I debated this longer than I needed to. Those ten years could still play a role in the story, but shown through the relationships of the characters. Daniel at age thirteen could be the summation of those lost storytelling years—the times Sam wasn’t there, the secrets that he’s kept from his son, and the moments where father and son are close, given the small size of their family. I decided the fracture between Sam and Mila had not been healed—they had each gone about their own lives, which gave me a sudden freedom to put them in new and compelling situations, both professional and personal.
My chess board was set up, but I had not been in Sam’s head in a while. In the series, I’ve told stories from both Sam’s first-person perspective and from third person. I chose what suited the story, not wanting to be locked into one style or point of view. I went back through the previous books and felt myself settle back into Sam’s unique view of the world. For Traitor’s Dance, I chose to stick with third person, as I would be moving between three major viewpoint characters.
So after these long years, how to start?
I finally decided to open with Sam in his suburban setting (he and Daniel have moved in the past ten years to Austin, along with half of America, and I put them in Lakehaven, the fictitious suburb featured in my recent standalone novels), watching his son play a basketball game, when he sees a man he recognizes as a highly dangerous intel operative—an assassin—enter the school gym and Sam knows the only person this man can be there for is…him.

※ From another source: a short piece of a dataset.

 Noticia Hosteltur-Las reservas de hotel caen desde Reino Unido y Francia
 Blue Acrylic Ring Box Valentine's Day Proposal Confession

I wanted Sam’s two worlds to collide immediately—he’s watching his target and planning how to eliminate this man if necessary rather than watching Daniel sink a winning basket, and Daniel realizes his father’s not paying attention in his moment of triumph. A family moment intertwined with an action, “secret life” moment. That would become a pattern in the novel, as Sam starts his next mission on finding a missing traitor and Daniel is drawn into his father’s world as he pursues an answer to a mystery of his own.
So, if you’re a reader returning to this (or any) series after it’s taken a long break or leap forward in time, I hope this is helpful to you in understanding the process of choices a writer can face. (Or just enjoy the story and don’t think on how the sausage is made). If you’re a writer, consider every creative choice you could make in your resumption of the series—and whether there are new and exciting dramatic opportunities to raise every stake for your characters. Going back to a series you’ve been away from can feel like a creative restart—it recharged me as a writer, and I hope it does the same for you.